Wherever a line in the data holds the word "Immigrants", pull that line out.

====== Materials provided

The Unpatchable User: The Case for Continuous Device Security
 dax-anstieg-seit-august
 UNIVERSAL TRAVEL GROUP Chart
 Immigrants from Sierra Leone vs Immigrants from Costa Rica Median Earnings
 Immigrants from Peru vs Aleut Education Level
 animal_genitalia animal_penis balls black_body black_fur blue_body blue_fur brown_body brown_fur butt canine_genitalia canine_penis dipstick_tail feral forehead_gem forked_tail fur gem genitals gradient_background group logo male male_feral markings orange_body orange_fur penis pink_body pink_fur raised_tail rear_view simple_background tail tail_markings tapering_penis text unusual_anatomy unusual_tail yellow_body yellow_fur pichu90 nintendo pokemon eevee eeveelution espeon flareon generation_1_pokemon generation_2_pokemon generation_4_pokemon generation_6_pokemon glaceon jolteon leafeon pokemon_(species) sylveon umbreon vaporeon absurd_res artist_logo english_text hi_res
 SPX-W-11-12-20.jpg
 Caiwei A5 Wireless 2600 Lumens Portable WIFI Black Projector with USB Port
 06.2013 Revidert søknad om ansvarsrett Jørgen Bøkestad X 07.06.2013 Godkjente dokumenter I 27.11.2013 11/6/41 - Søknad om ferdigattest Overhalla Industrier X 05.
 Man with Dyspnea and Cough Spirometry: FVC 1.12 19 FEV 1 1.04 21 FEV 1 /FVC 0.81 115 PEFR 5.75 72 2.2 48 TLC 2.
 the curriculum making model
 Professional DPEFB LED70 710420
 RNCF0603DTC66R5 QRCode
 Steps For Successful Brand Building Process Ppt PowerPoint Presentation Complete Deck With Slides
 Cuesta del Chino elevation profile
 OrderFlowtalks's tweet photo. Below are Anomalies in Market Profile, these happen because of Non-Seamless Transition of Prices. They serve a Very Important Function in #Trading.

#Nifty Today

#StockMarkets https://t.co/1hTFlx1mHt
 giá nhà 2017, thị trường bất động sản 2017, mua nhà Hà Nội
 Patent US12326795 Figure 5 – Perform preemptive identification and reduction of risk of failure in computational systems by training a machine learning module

============

### Response to the exercise
 Immigrants from Sierra Leone vs Immigrants from Costa Rica Median Earnings
 Immigrants from Peru vs Aleut Education Level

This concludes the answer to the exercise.